::: Dataset extract :::
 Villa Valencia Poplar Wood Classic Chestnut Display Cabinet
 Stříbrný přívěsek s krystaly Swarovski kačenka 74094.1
:::
::: Dataset extract :::
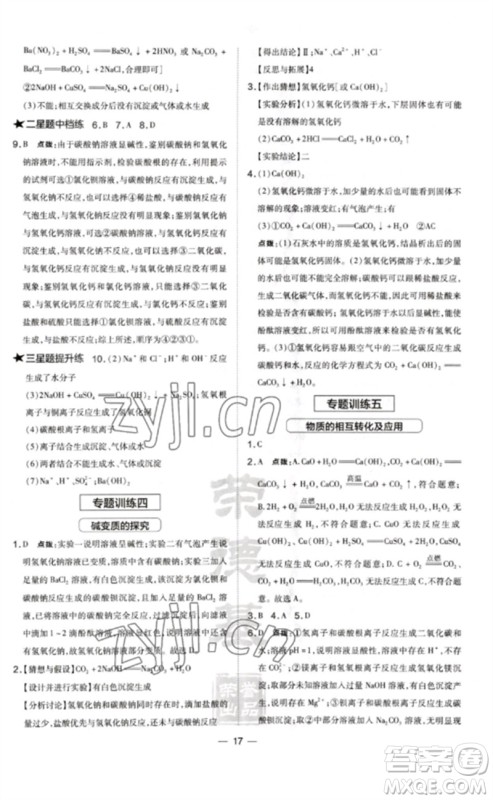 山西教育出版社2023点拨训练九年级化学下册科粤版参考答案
:::
# [Directions for this task]
The response must hold only the lines above from the line with "Villa Valencia Poplar" through the line with "Stříbrný přívěsek s", each copied exactly, both ends kept.

# [Solved problem]
 Villa Valencia Poplar Wood Classic Chestnut Display Cabinet
 Stříbrný přívěsek s krystaly Swarovski kačenka 74094.1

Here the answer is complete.